Processus de fabrication
Un coup d’œil rapide sur cette carrière – et c’est encore le cas avec son dernier film en date, le road-movie en camion bricolé des deux ados Microbe et Gasoil (2015) – permet d’envisager le processus de « fabrication » considéré en lui-même comme le grand motif existentiel et artistique de Michel Gondry. Fabrication d’objets, de procédures et protocoles, tels qu’ils déterminent la fabrication de soi tout au long de cette expérience suprême qu’est notre propre vie. C’est peu de dire que Le Livre des solutions ne s’éloigne guère de ce motif, qui a pourtant déjà beaucoup servi. Comme dans Soyez sympas, rembobinez – qu’on tient à ce jour pour le chef-d’œuvre de son auteur –, c’est le cinéma lui-même qui fait ici office d’instrument d’apprentissage.

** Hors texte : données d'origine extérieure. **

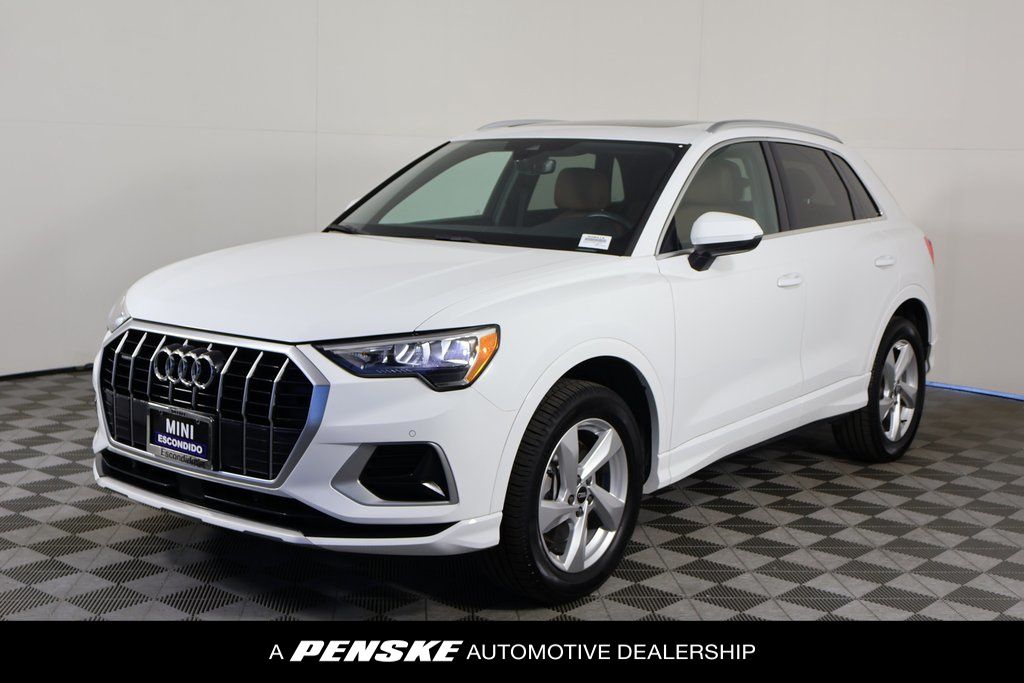 2021 Audi Q3 Premium's photo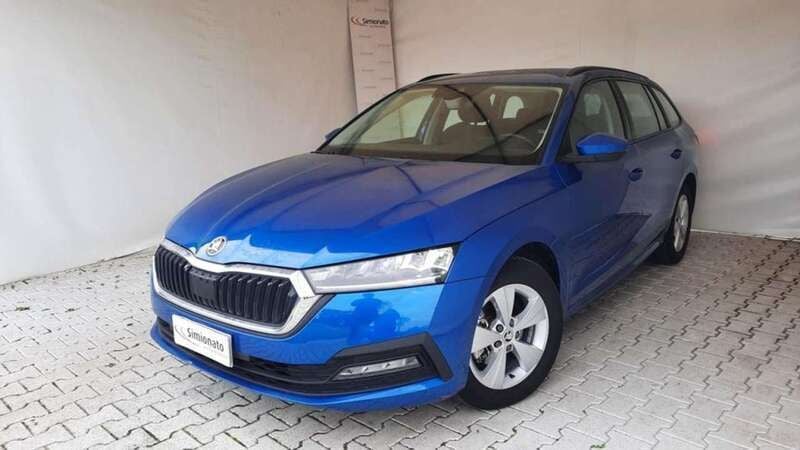 Blu Usata 2023 Skoda Octavia Ambition Station wagon | 21.995 € (Super prezzo) - Immagine 1/4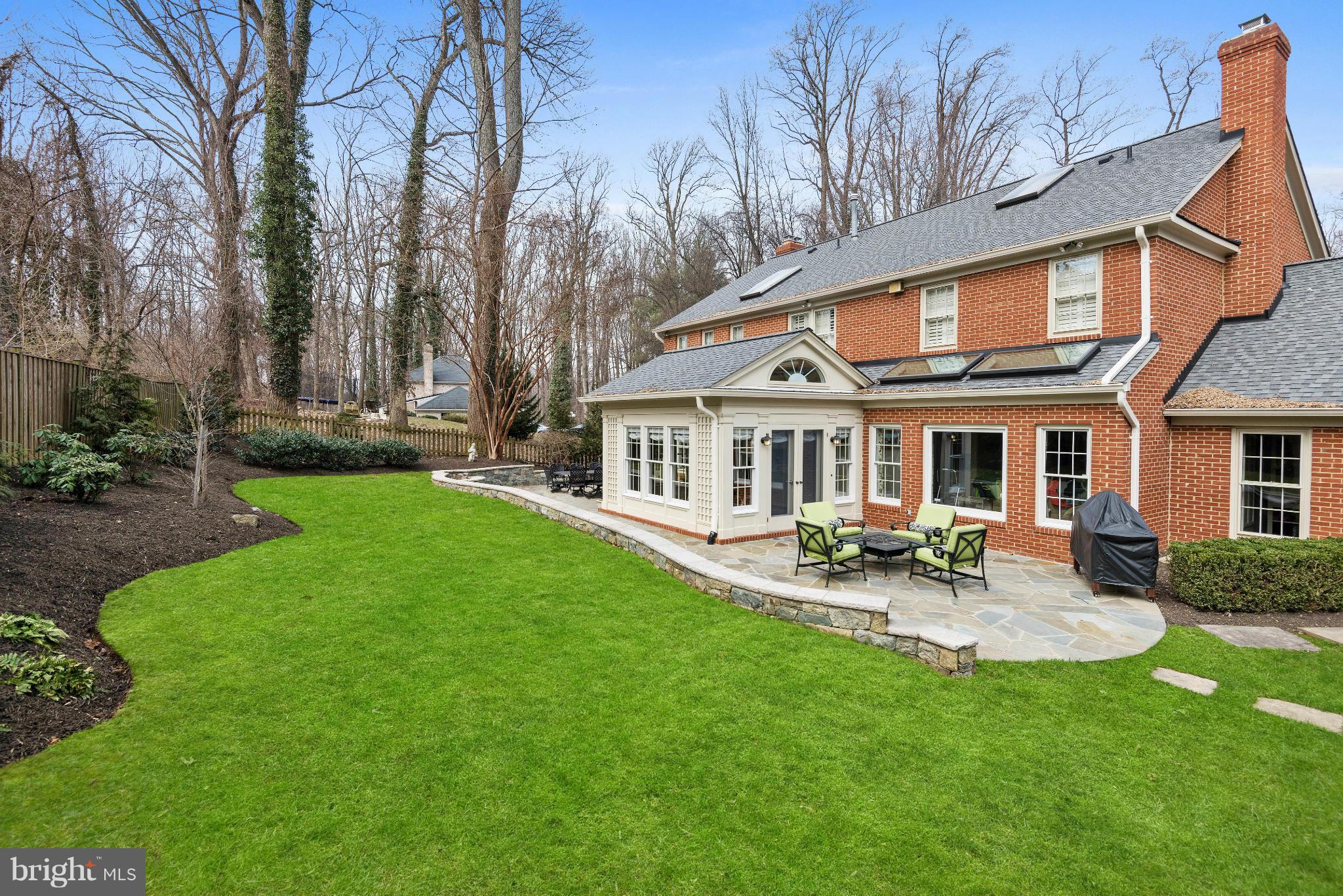 CEDARS OF MC LEAN - Residential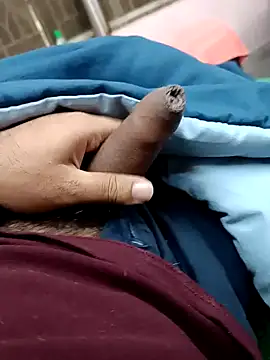 Snapshot of PatelBond chatting on 01/03/25, 02:54 PatelBond online show from 01/03/25, 02:54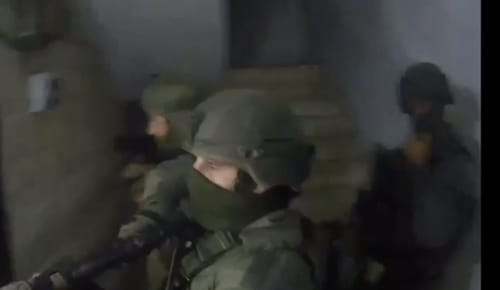 תיעוד משועפט: לוחמי ימ"ס עוצרים את המחבלים. צפו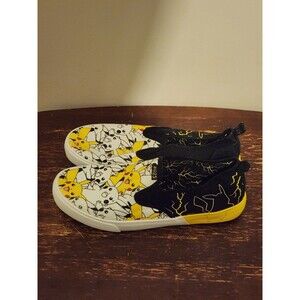Ground Up Pokémon Pikachu Men's Canvas Slip On Shoes Size 11.5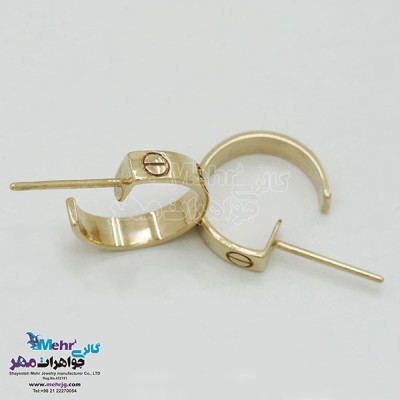نمای دوم گوشواره طلا - طرح کارتیه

Tout commence par une scène de lynchage. Dans le bureau huppé de ses producteurs, Marc, cinéaste supérieurement fébrile, mythomane et anxieux (Pierre Niney), se fait sévèrement remonter les bretelles et déposséder de sa copie de travail. Ni une ni deux, il fonce avec une équipe de fidèles réduite au minimum – Charlotte, sa monteuse (Blanche Gardin), et Sylvia, son assistante (Frankie Wallach) – mettre la main sur les précieux ordinateurs et prend la poudre d’escampette jusqu’à la maison de Denise (Françoise Lebrun), sa bonne tantine cévenole et plus grande fan, pour y terminer son film comme il l’entend. Assailli par les idées, convaincu de son génie, il écrit pour tenter de garder la tête froide un « livre des solutions », recueil de réponses haut perchées à une liste de problèmes incongrus.

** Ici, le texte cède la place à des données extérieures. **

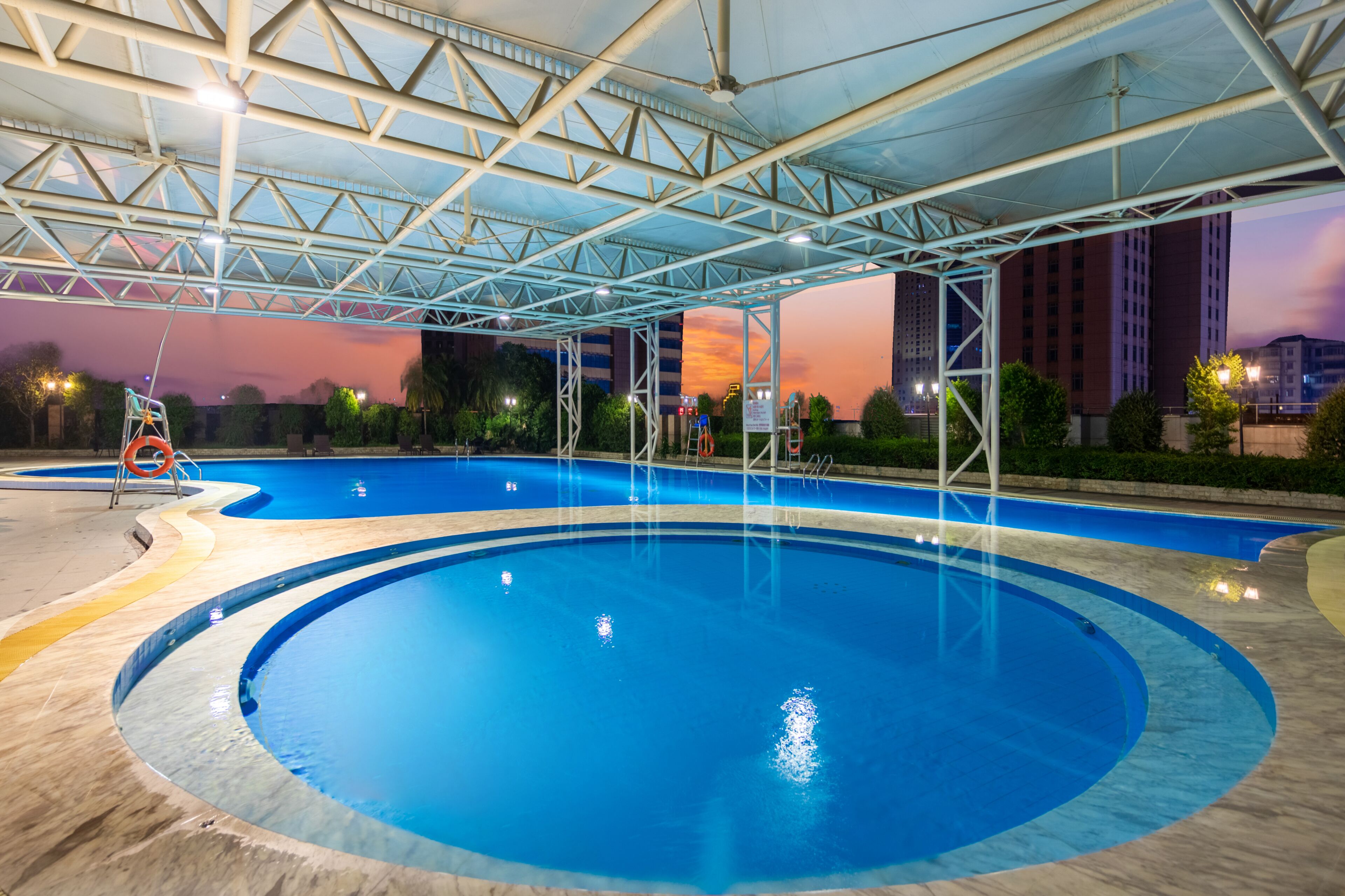 Una gran piscina coberta a l'interior, amb un quiosc per als socorristes.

Problème : le cerveau perpétuellement enfiévré de Marc, qui croit, comme artiste démiurge mais privé du soutien de ses financiers, que tout est possible, se met au défi de réaliser des idées souvent loufoques et met à très rude épreuve les nerfs de ses collaborateurs. A cet égard, s’il possède en Denise une fidèle en toute situation, c’est une autre paire de manches avec son équipe, aussi attentionnée soit-elle. Colérique, fouillis, impatient, mythomane, tyrannique, en inadéquation presque constante avec la réalité, Marc se rend communément insupportable, mais a pour lui la croyance inébranlable en son projet. C’est sa force.